La diversidad gastronómica es cada vez más global y eso es bueno para todos

Uno de los chascos más comunes que nos llevamos quienes nos conducimos por el turismo a través de la gastronomía es que ese plato tan local, ese ingrediente tan idiosincrásico, o esa tiendecita tan exclusiva, al final empieza a diseminarse por todo el mundo. Si en nuestra propia ciudad ya podemos encontrar mejores restaurantes japoneses, por ejemplo, que en el mismo Japón, ¿qué aliciente tiene viajar y comer en el extranjero?

Sin embargo, esta tendencia a la globalización, si bien resulta frustrante para el viajero gastronómico, en realidad es positiva para todos nosotros.

Comida global

Echemos un vistazo a la dieta estadounidense. Ésta, a finales del siglo XIX, consitía principalmente en cerdo y fécula. Antes de la refrigeración y el transporte motorizado, la mayoría de las frutas y verduras se habrían estropeado antes de llegar al consumidor, de modo que los agricultores cultivaban productos no perecederos como nabos, alubias y patatas. Las manzanas eran la única fruta, y en su mayoría se utilizaban para hacer sidra.

Algo similar ocurría con la cocina japonesa antes de que se convirtiera en una de las más creativas del mundo, gracias fundamentalmente a la influencia china. Los japoneses tardaron más en adoptar la cultura de los palillos que los chinos, de quienes tomaron prestada la idea. No fue hasta el siglo VIII cuando los palillos sustituyeron a las manos entre la gente corriente. Más tarde, en la Segunda Guerra Mundial, la influencia estadounidense hizo el resto.

En decir, que las cocinas del mundo se tornan menos monocromas básicamente por dos factores: la tecnología y la mezcla con otras culturas. Ello hace las cocinas internacionales más parecidas entre sí, pero también mucho más diversas en su seno. Así es como, a pesar de los tópicos, ciudades como Nueva York se han convertido en el paraísmo para los gastronautas, el mejor sitio para probar las mejores cocinas de todo el mundo con un estándar de calidad elevadísimo.

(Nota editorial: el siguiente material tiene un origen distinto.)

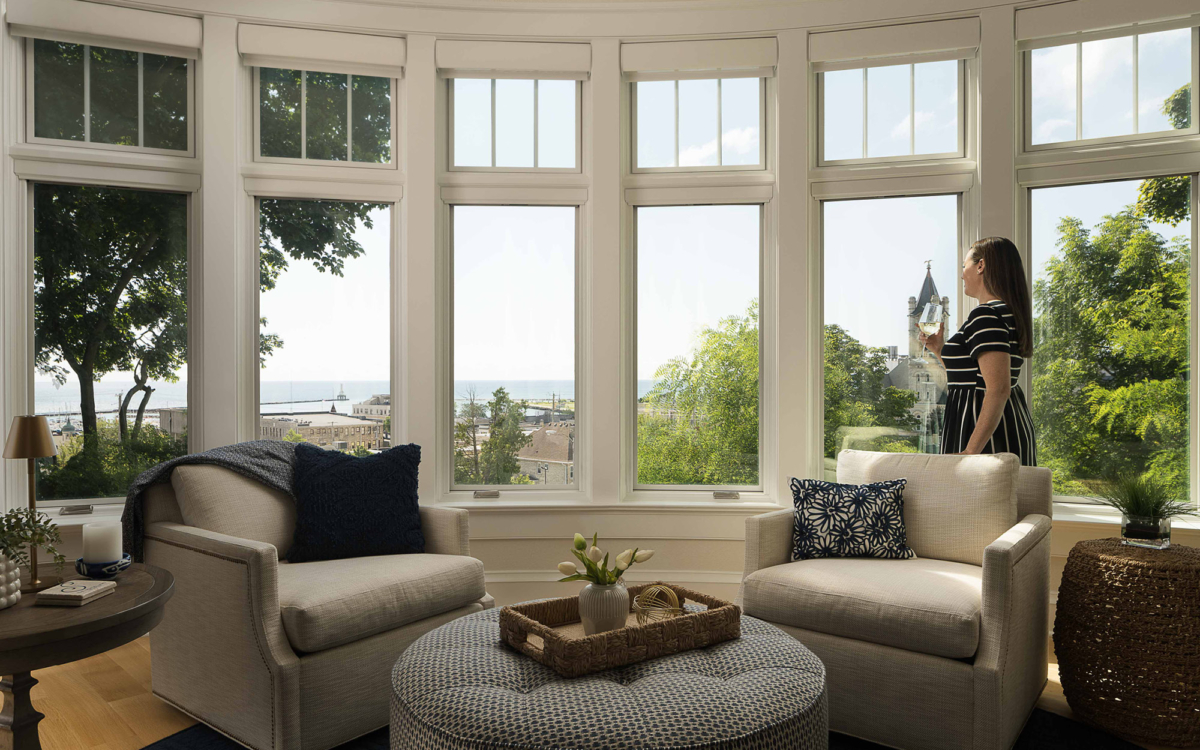 Lake Michigan custom home design with a sitting area of cream armchairs beneath a wall of windows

En un pasado no muy lejano, las nuevas cocinas introducidas por los inmigrantes eran tan exóticas que se convertían en blancos en las grandes ciudades estadounidenses, como explica Steven Pinker en su libro En defensa de la Ilustración:

En los casos de la comida italiana ("¡Mamma mia, eso sí que es una albóndiga picante!"), mexicana ("Soluciona la falta de gas"), china ("Una hora después vuelves a tener hambre") y japonesa ("Cebo, no comida"). Hoy en día, incluso en las localidades pequeñas y las áras de comidas de los centros comerciales ofrecen un menú cosmopolita, a veces en todas esta cocinas más la griega, la tailandesa, la india, la vietnamita y la de Oriente Medio.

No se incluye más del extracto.